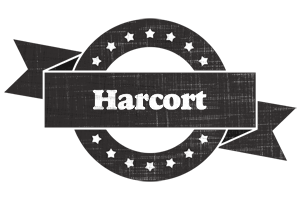 Harcort grunge logo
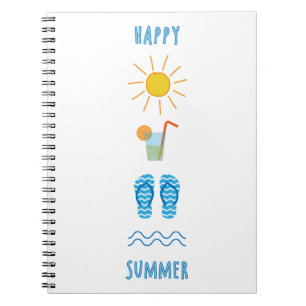 Cuaderno de Fotos de Verano Feliz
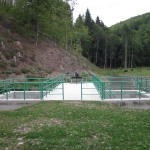 Retention reservoir Úsobrno - composite railings in custom color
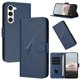 thumbnail image 1 of Funda Cartera Fibra de Carbono para Samsung Galaxy S23 con Soporte y Cierre Magnético Azul, 1 of 6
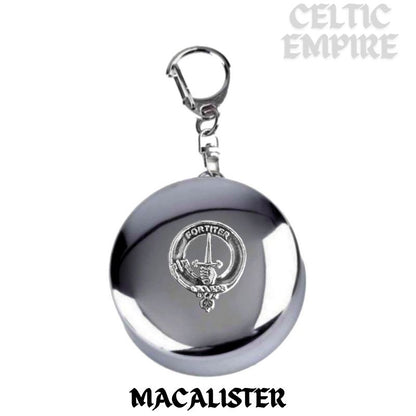 MacAlister Scottish Family Clan Crest Folding Cup Key Chain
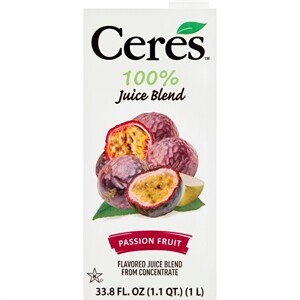 Ceres Fruit Juice Passion Fruit, 33.8 Oz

::::::

### Task item
Write out an exact copy of the lines beginning at the line that contains "thumbnail image 1" and ending at the last line of the listing. Exclude pictures.

### Task solution
 thumbnail image 1 of Funda Cartera Fibra de Carbono para Samsung Galaxy S23 con Soporte y Cierre Magnético Azul, 1 of 6
 MacAlister Scottish Family Clan Crest Folding Cup Key Chain
 Ceres Fruit Juice Passion Fruit, 33.8 Oz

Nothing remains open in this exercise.